◆ Given entries:
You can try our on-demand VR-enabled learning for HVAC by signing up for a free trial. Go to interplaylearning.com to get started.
--
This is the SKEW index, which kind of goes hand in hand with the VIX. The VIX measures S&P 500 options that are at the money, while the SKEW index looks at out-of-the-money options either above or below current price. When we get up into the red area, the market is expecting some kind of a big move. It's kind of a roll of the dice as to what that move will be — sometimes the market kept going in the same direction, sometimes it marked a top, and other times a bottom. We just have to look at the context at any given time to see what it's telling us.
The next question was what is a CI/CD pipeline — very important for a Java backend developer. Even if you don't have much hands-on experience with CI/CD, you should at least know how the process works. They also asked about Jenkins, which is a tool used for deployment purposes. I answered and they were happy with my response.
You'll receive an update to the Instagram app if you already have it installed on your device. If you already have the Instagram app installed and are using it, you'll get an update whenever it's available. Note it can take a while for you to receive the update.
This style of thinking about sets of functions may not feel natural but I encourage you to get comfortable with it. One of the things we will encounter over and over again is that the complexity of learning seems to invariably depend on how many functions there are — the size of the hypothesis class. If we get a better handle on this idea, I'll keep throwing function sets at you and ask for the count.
---
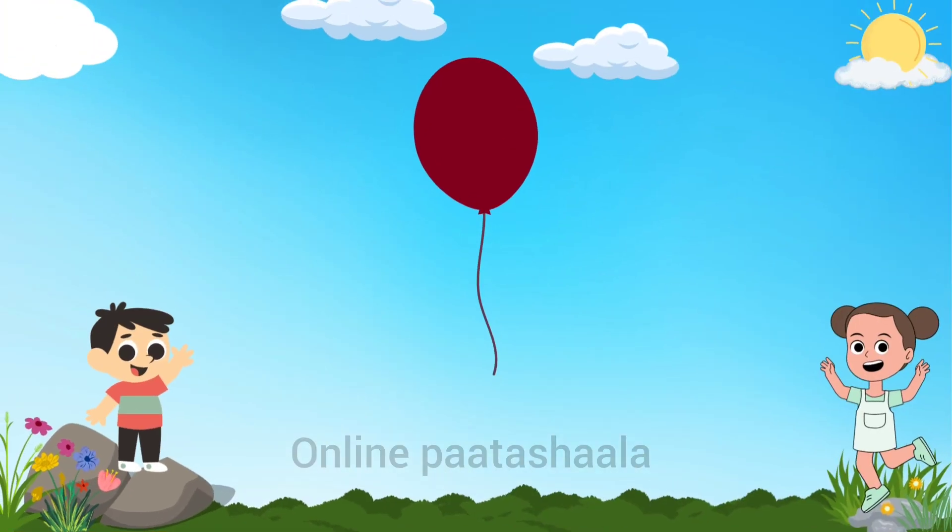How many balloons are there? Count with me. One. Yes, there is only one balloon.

◆ Try it: Only one number is needed: please count the lines of the entries above in which the string "learning" occurs.

◆ Written solution: 2